On retrouve Rabbi Marshak, énigmatique, face au facétieux Danny Gopnick, le fils allumé (double des frères Coen) de Larry. Il livre alors la clé des songes et de la Torah : la composition intégrale du band emblématique : Grace Slick, Marty Balin, Paul Kantner, Jorma Kaukonen, Jack Casady, Spencer Dryden. Comprenne qui voudra….
Reste la fin, étrange : courez voir A Serious Man, ce film subtil, intelligent, bourré d'humour, délicieusement décalé. Avant que la tornade ne vous emporte !
3 Comments
The first cut is the deepest, Rod Stewart would sing
Alors, Grand Jacques, il n’est que temps que tu visionnes – enfin – les autres Cohen, dont l’ineffable FARGO et l’incontournable O’BROTHERS.

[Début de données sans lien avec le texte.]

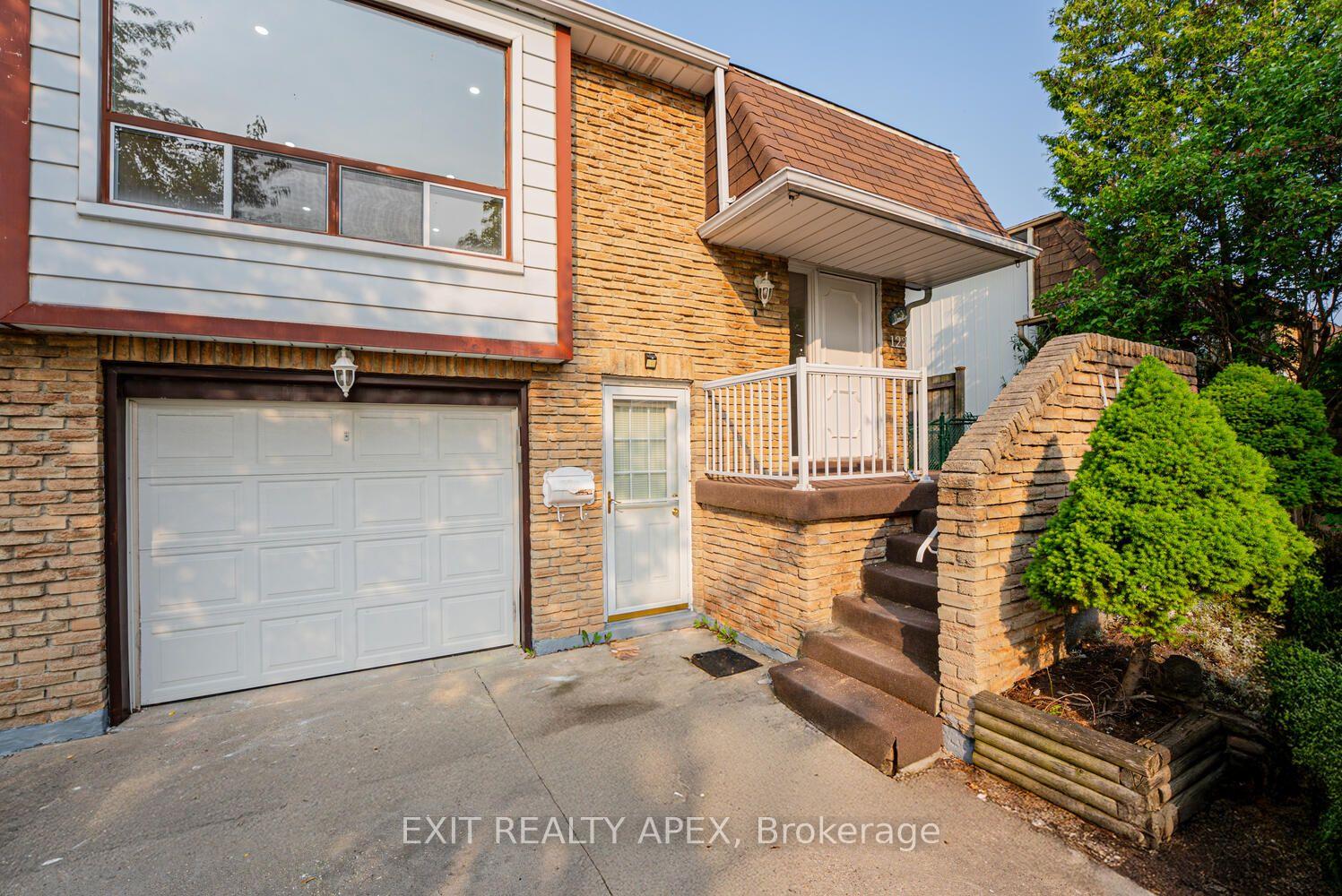 122-centre-street-n-brampton-ontario-w13651096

Voilà au moins deux de leurs films qui te permettront des variétés de style, de mots, de routes et chemins de traverses comme rarement tu en as l’occasion 🙂
A SERIOUS MAN : je savais que la scène depuis le toit allait réveiller en toi le zwingliste épris de ce pur judaïsme si proche de tes Jefferson Airplane : ça fait de sacrés chocs tout ça !
Cool, Mentsch, cool 🙂
Pas le meilleur du duo selon moi …
Moins léger, bien sûr …
La critique des cahiers ("en kabbale") est intéressante car elle décrit un film kabbalistique … et l’incongruité totale des juifs du midwest (le propos est de Ethan Coen).